2.2Closest Pair of Points¶
2.2.1Algorithm¶
- Draw vertical line to roughly cut points in half
- Recursively find closest points in each half
- Find any potentially closer pairs after merging halves
- Return closest pair of points
2.2.2Analysis¶
This algorithm takes $O(\log^2(n))$, but can be improved to $O(\log(n)$ via pre-sorting the list of points. Each recursion returns a list, with points sorted by y-coordinate, and we then merge the lists.

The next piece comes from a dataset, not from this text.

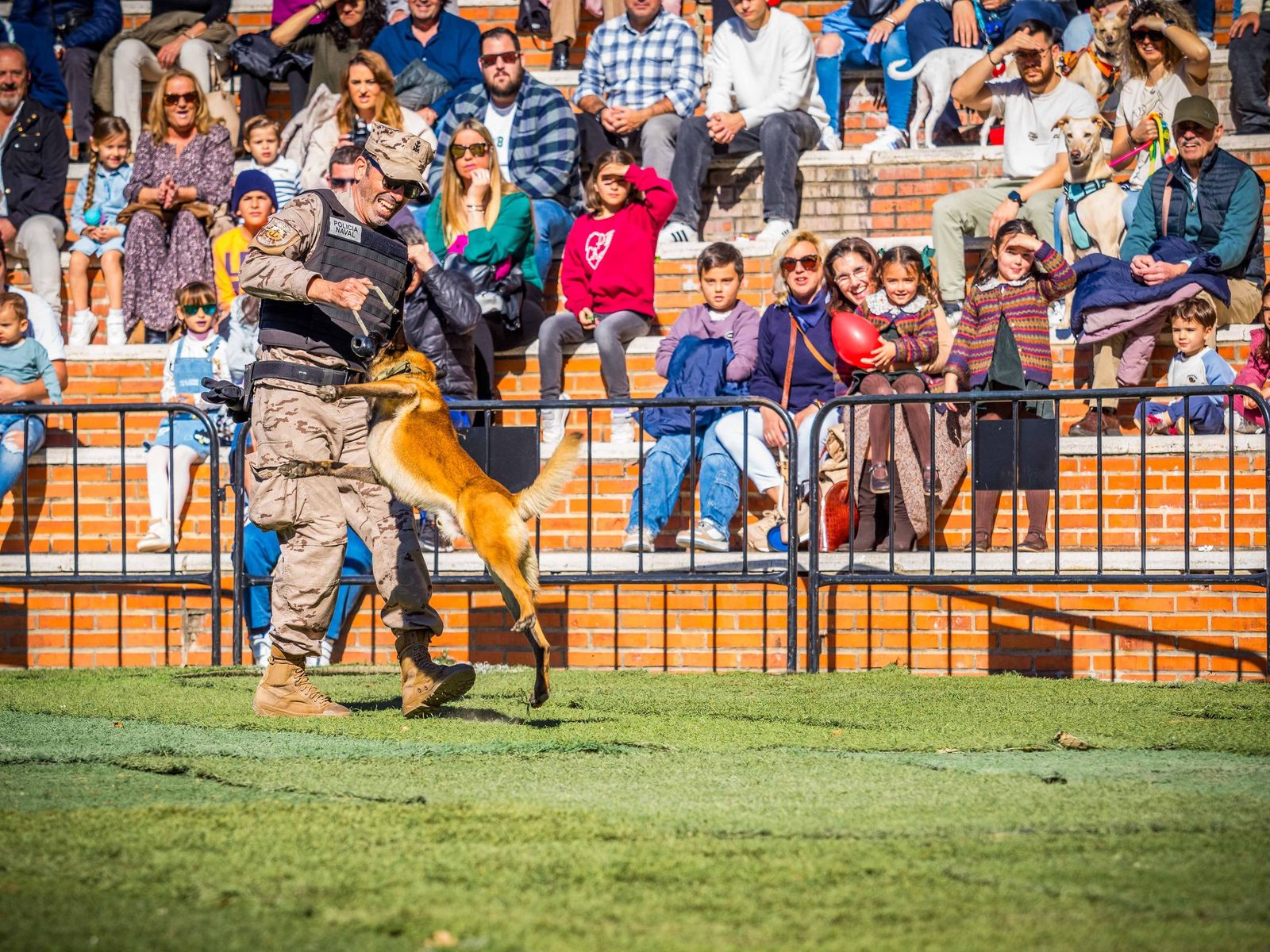 Las imágenes de San Antón 2025 en San Fernando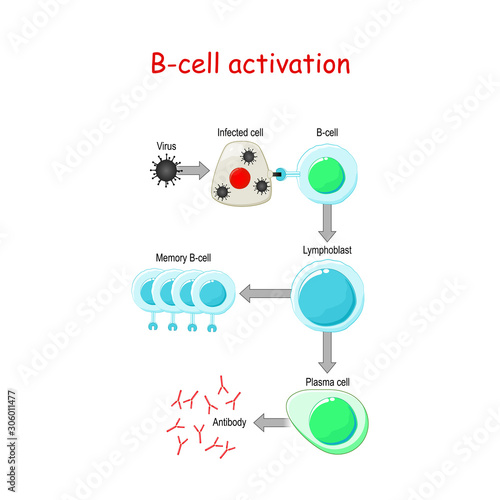B cells Activation. B-cell lymphocytes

2.3Integer Multiplication¶
2.3.1Brute Force¶
- brute force requires $O(n^2)$ operations
- an $n$ digit number can be represented by 2 $\frac{n}{2}$ digit numbers
- $x = 2^{\frac{n}{2}}x_1+x_0$, $y = 2^{\frac{n}{2}}y_1+y_0$
-
$xy = 2^n(x_1y_1)+2^{\frac{n}{2}}(x_1y_0+x_0y_1)+x_0y_0$
-
multiply 4 $\frac{n}{2}$ digit numbers
- add two $\frac{n}{2}$ digit integers and shift
- $T(n) = 4T(\frac{n}{2})+\Theta(n) \to T(n) \in \Theta(n^2)$
2.3.2Karatsuba Multiplication¶
- instead, you can add 2 $\frac{n}{2}$ digit numbers
- multiply three $\frac{n}{2}$
- same as above, but:
$$xy = 2^n(x_1y_1) + 2^{\frac{n}{2}}((x_1+x_0)(y_1+y_0)-x_1y_1-x_0y_0)+x_0y_0$$
- Runtime
- $T(n)=3T(\frac{n}{2})+\Theta(n)$
- $T(n) \in O(n^{\log_2 3}) \approx n^{1.5}$
2.4Matrix Multiplication¶
2.4.1Brute Force¶
- $O(n^3)$ time
- $n$ multiplications for $n \times n$ elements
2.4.2Divide and Conquer¶
- Divide matrix into 4 ${\frac{n}{2}} \times {\frac{n}{2}}$ parts
- Find product of quarters, with 8 multiplications (of 2x2)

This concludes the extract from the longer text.